Raising the inheritance tax threshold
During the Q and A session, the Prime Minister said he would like the Conservatives to raise the inheritance tax threshold to £1 million in their manifesto at the next election.
“I believe in people being able to pass money down through the generations and pass things onto their children. I think you build a stronger society like that. Of course we should have to have caps and limits and we have to think about those, but generally speaking we should be encouraging people to pass things on to their children. So the ambition is still there; I would like to go further.”
Saga’s Director of Communications Paul Green commented: “Saga welcomes any considered move that allows more people the chance to pass on their hard-earned wealth to families and loved ones - cascading wealth down the generations is a good thing. There are many parts of the country where just owning your own home puts you in the frame for paying inheritance tax.
“Whilst the rich can pay for their affairs to be carefully managed, enabling them to swerve the levy, it is the affluent middle class that end up being clobbered by a too-low inheritance tax threshold.”
At the meeting the Prime Minister also hinted that the Conservatives would promise to protect benefits like the winter fuel payments for wealthy pensioners in their election manifesto.
He said it was “incredibly condescending” to say pensioners could not be trusted with their pension money: that they might squander it and fall back on the welfare state.

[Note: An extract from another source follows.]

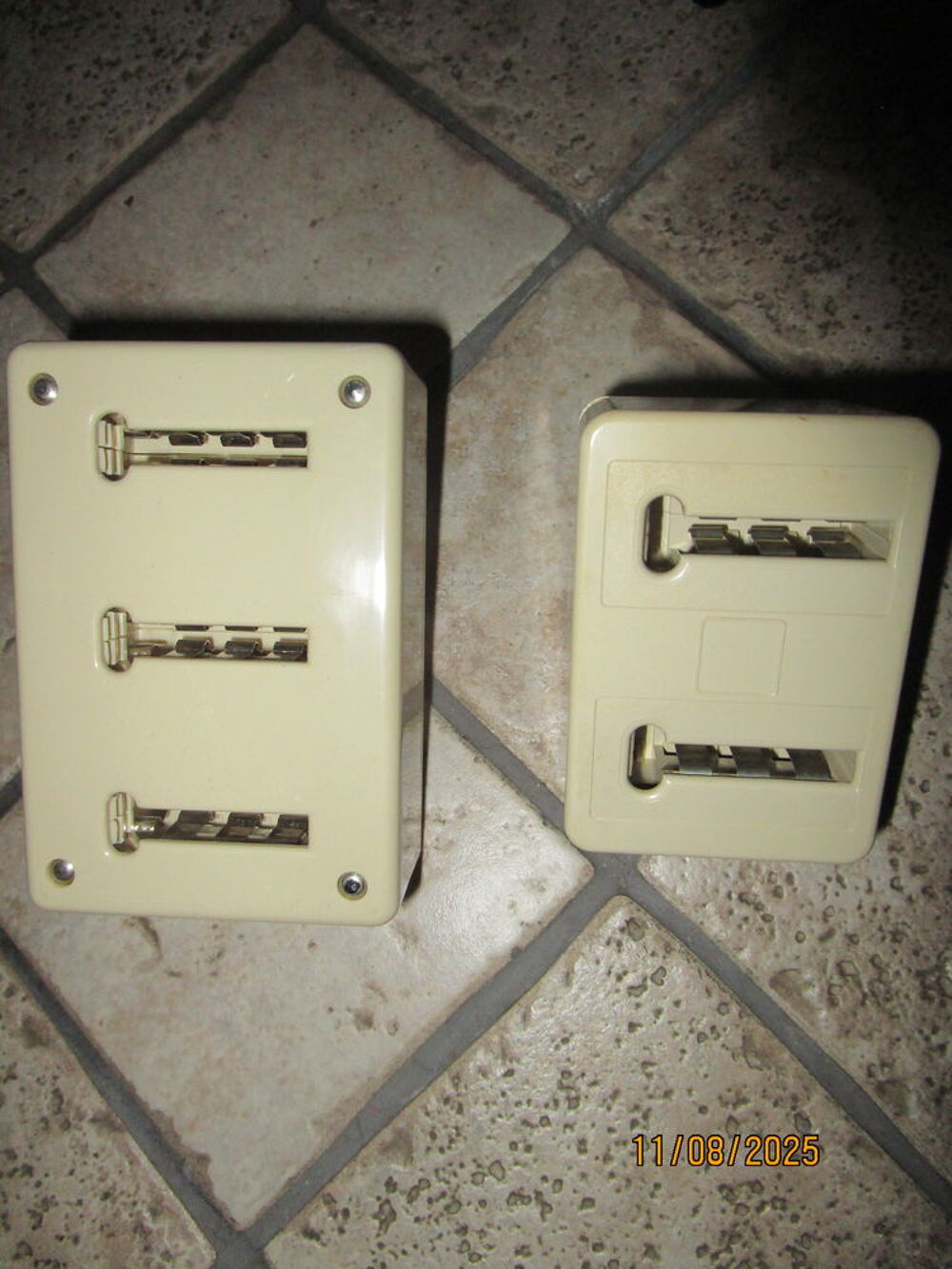 mat&eacute;riel de t&eacute;l&eacute;phonie Bricolage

“The values, I would say, at the heart of it are, first of all, that if you work hard the system should be on your side and help you, rather than punish you. That’s why being able to earn £10,000 before paying tax is so important.
“That’s why allowing pensioners to keep more of their savings, get a decent income in retirement and not to have to take out an annuity, so they can spend their money as they choose. That’s why that value – about trusting people, helping people and recognising the worth of working hard and saving – is so important.

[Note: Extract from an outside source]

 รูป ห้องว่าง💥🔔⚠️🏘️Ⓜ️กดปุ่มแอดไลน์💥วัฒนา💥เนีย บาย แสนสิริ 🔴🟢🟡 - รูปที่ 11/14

“I’m really pleased about the steps we’ve been able to take to help pensioners have that dignity and security, to reward saving and to say, “It’s your money to spend as you choose.”
Heralding the new pensioner bonds, Cameron said: “They are very important because a lot of pensioners say to me, 'Look, I’ve worked hard, I’ve put some money aside, but because interest rates are so low I don’t really get any income from my savings.' These pensioner bonds will help pensioners to do that; there’s £10 billion worth of them available, but there’s a limit of how much any one person can take. And so it’s a good way of helping pensioners have that dignity and security.”
The Prime Minister also confirmed that pensioners who take money from their pension pots would have this taken into account when being assessed as to whether they were wealthy enough to pay for their own care.
“If you take your money out of your pension pot and have it as your own money, then it counts as your money when you are assessed for care needs. That is true; that is the case. But, again, you have the choice: you can leave money in your pension pot or take it out.”